EMILIA PÉREZ.  França, 2024.  Direção: Jacques Audiard.  Elenco: Karla Sofia Gascón, Selena Gomez, Zoe Saldaña, Adriana Paz.  130 min.

 

“Emilia Pérez” é um filme ousado, que causa impacto, que tem uma forma moderna de expressão e que mescla e funde diferentes gêneros cinematográficos, com esmero visual.  Alguns o classificam como comédia musical de suspense e ação.  Tem humor, mas não é uma comédia, a meu ver.  E um thriller  que envolve crime e violência, drama e crítica social, onde cabe um inusitado musical.  Um filme em que todo cambia todo el tempo.  Mudança é o mote da empreitada francesa, dirigida por Jacques Audiard, cuja trama se passa no México, com o filme falado em espanhol.

 

“Emilia Pérez” me parece ser um representante da ideia de modernidade líquida, do sociólogo polonês Zygmunt Bauman, na sociedade da pós-verdade, em que tudo se dissolve, se liquefaz: o trabalho, a família, o amor e a própria identidade.  E com a marca do medo de não pertencer, de não se encaixar num mundo de violência e terrorismo, que produz angústia e muda velozmente.  Todo cambia.

 

Os personagens mudam, de corpo, de gênero, de identidade, de comportamentos, de valores, de papéis familiares.  Nada permanece sólido.  Consequentemente, as instituições ruem também.  Desafiador, assustador, caótico? Não sei, cada um faça a sua aposta.  Perdemos o controle, isso já faz tempo e tudo, absolutamente tudo, está agora em questionamento.  Um filme que nos traz esse retrato do nosso tempo tem valor, ainda que também tenha problemas.

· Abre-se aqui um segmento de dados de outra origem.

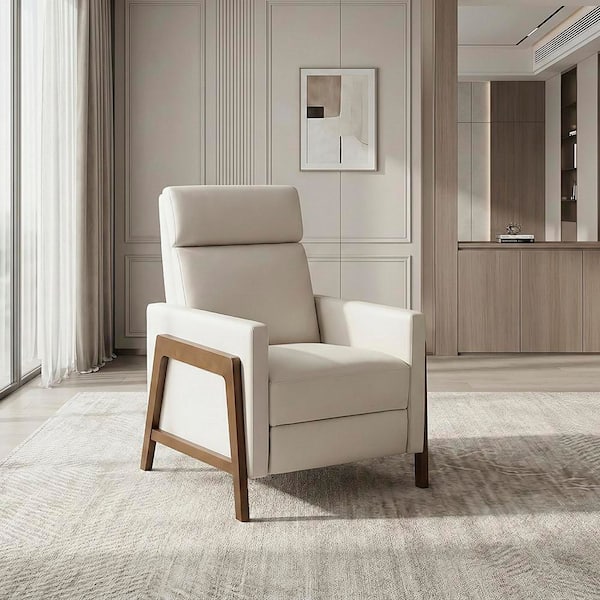 Lazzara Vera Light Beige Faux Leather Manual Push Back Recliner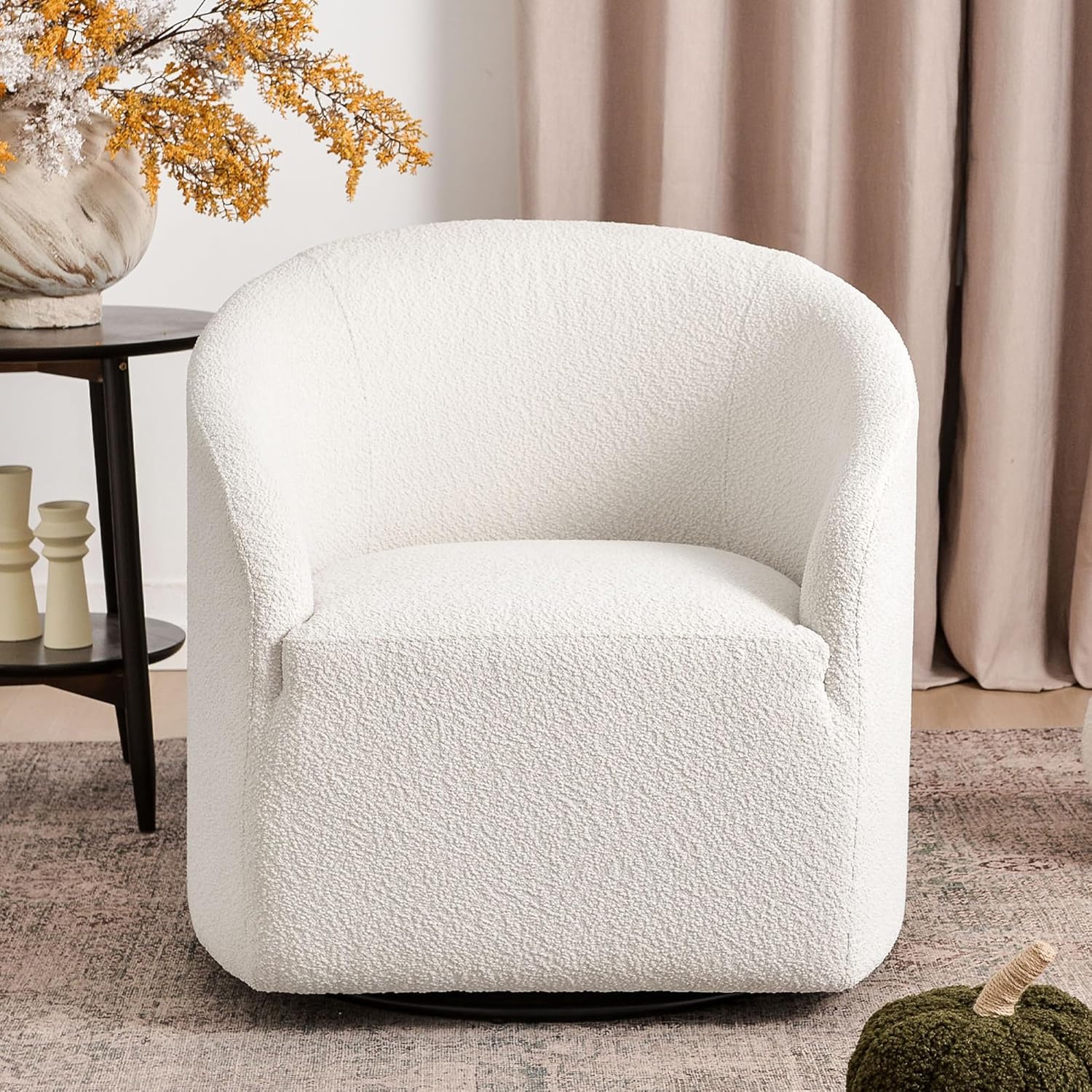 KINWELL 32" Wide Modern Boucle Swivel Barrel Chair, No Assembly Round Upholstered Swivel Accent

Uma produção francesa que aborda a guerra do narcotráfico no México, sem ser filmada lá e praticamente sem mexicanos na produção e elenco, está naturalmente sujeita aos tradicionais estereótipos que, nós latinos, conhecemos bem.

 


Por outro lado, valer-se de uma atriz trans como Karla Sofia Gascón para o papel central de Emilia dá força e credibilidade à incrível história que ela vive. Tudo nela se liquefaz, inclusive o modo de viver e de encarar o mundo, não só o gênero ou a identidade.  Com a personagem de Rita, da ótima Zoe Saldaña, passa-se o mesmo, sua capacidade e talento profissional mudam de vetor, de campo, se liquefazem.  A família de Emilia, ex-mulher e filhos, desfaz-se, embaralhando os papéis familiares.  Vira uma família líquida.  E por aí vai.

 

Enfim, é um filme que dá o que falar.  Tem um maravilhoso quarteto feminino: Gascón, Saldaña, Selena Gomez e Adriana Paz, e uma equipe de produção para lá de competente.  Do trabalho do diretor aos criadores das músicas, coreografias e danças bem atraentes, “Emilia Pérez” é  um produto cinematográfico respeitável.

 

Agora, algumas considerações extra-filme.  Ele concorre ao Oscar nas mesmas categorias em que o brasileiro “Ainda Estou Aqui” foi indicado: melhor filme, melhor filme internacional e atriz.  Só que tem ainda mais 10 indicações, alcançando 13 no total. Um evidente exagero.  Sinal de que é o grande favorito do Oscar do ano?  Ou corre o risco de flopar legal? Aí vai muito da campanha, do trabalho de divulgação.  Da briga midiática e das redes sociais que já, ao que parece, causaram danos a Karla Gascón por surpreendentes manifestações preconceituosas, em passado recente.  Logo ela, que representa pela primeira vez uma transexual com chances?

 

As disputas paralelas das redes sociais nada acrescentam ou significam às qualidades ou problemas dos filmes, mesmo que interfiram nas decisões finais dos votantes da Academia.  Não farão de “Emilia Pérez” uma obra-prima, o que ela não é, mas também não transformarão um filme relevante e significativo em algo a ser rechaçado ou ignorado.  Aliás, é muito difícil ignorar um filme como esse.